The Parts of a Compiler

The goal for the next two readings is to give a high level overview of all of the different parts of the compiler. This will hopefully place all of the details we will talk about over the next few weeks in context of our larger goal.

The specific steps of the compiler that we will talk about in this course are:

Example: Arithmetic to Assembly

For the different steps of the compiler, we will use an example of attempting to compile an arithmetic language into equivalent Hack assembly. Our arithmetic language won't be formally defined for this example, but it generally consists of constants (e.g. 0 1 2 etc.), simple mathematical operations (e.g. + - * /), and variables (e.g. x or y, though we will ignore variable assignment for this example).

Specifically, we will attempt to convert the following arithmetic expression into Hack assembly:

x + 2 * (y + 4)

Scanning

Input: Raw text/code of source language

Output: Stream of program tokens

From our computer's perspective, the file containing the source language is just a stream of characters. The purpose of scanning is to identify important chunks or tokens within that stream of characters, and remove anything that doesn't contribute to the program's meaning.

Tokens are the building blocks of a language definition. They are each a standalone piece from which you can form different programs, and each programming language has its own definition of tokens. For our arithmetic language, a few examples (but not all of) our tokens might be:

Notice how each token conveys meaning within our program. The scanner will not produce tokens for things that don't convey semantic information about what our program does, such as whitespace and comments (both of which help humans read the code file but don't contain any behavioral information).

After scanning, the compiler will produce a list of tokens for the raw text file. For our example, this might look something like:

VAR(x) PLUS CONST(2) MULT LPAREN VAR(y) PLUS CONST(4) RPAREN

Notice how some tokens, like VAR and CONST, have the specific constant or variable used attached to them. This is because distinguishing between the variable x and the variable y is very important to the meaning of our program.

Parsing

Input: Stream of program tokens

Output: Abstract syntax tree (see below for definition)

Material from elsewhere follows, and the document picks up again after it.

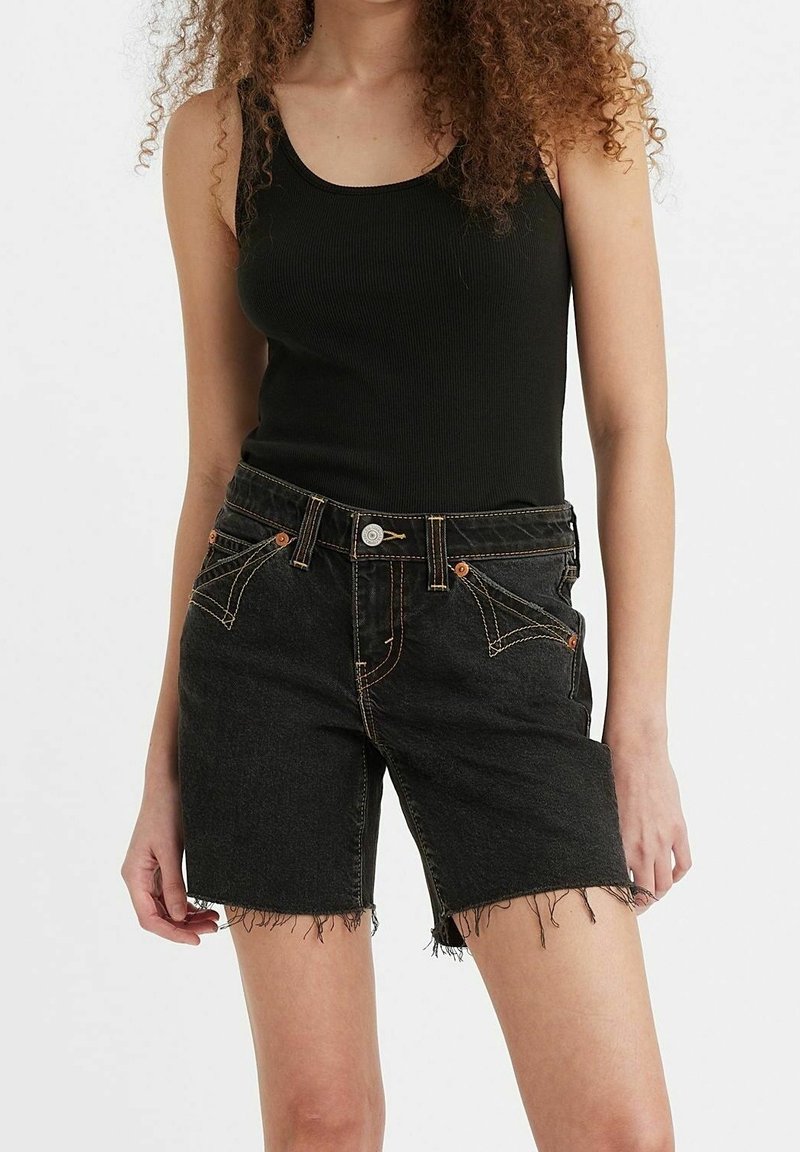 Shorts en denim noir avec ourlet effiloché, cinq poches et surpiqûres orange contrastantes. Associés à un débardeur noir côtelé ajusté.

Our stream of tokens is an important step into determining the meaning of our program, but it doesn't encode any ordering or grouping of tokens very well. For instance, how do we encode that multiplication should take precedence over addition?

In order to better encode the grouping and ordering of our tokens, most compilers make use of abstract syntax trees, or ASTs for short. An AST is a tree structure very similar to the binary trees you may have come across in earlier courses. In ASTs, there are nodes, which usually represent some feature of the language, and there are children of those nodes, which usually represent nested parts of the feature.

For example, in our AST, we would likely have a node for +, with two children, one for the left expression and one for the right expression. Note that the expressions are defined generally. They could be any other expression in our language, including another +! This allows us to recursively build an AST that can represent any program, which makes them very powerful tools.

Our example AST would likely look like the following:

PLUS Node:
left:   VAR(x)
right:  MULT NODE
        left:   CONST(2)
        right:  PLUS NODE
                left: VAR(y)
                right: CONST(2)

By executing the lowest nodes first and ending with the highest node, we can now see how our AST encodes our program's grouping/meaning better! For example, we can see that we execute 2 * (y + 4) before we add to x, and that we execute y + 4 before we multiply by 2.

You'll also notice that we lost some of the tokens from our token stream. Since our AST encodes meaning/groupings, some tokens become redundant. While the parentheses were super important for determining ordering in a token stream, they are not important in the AST (and are consequently omitted).

As stated earlier, ASTs are powerful structures. In lecture we will learn more about how to build them from a stream of tokens, as well as how to use them to do code analysis and generation.

The Road Ahead

In lecture we will go into more detail about the scanner and parser, and the following reading/lecture will talk about code analysis and code generation. This will build towards Project 7, where you will actually have a chance to implement the code generation portion of a compiler!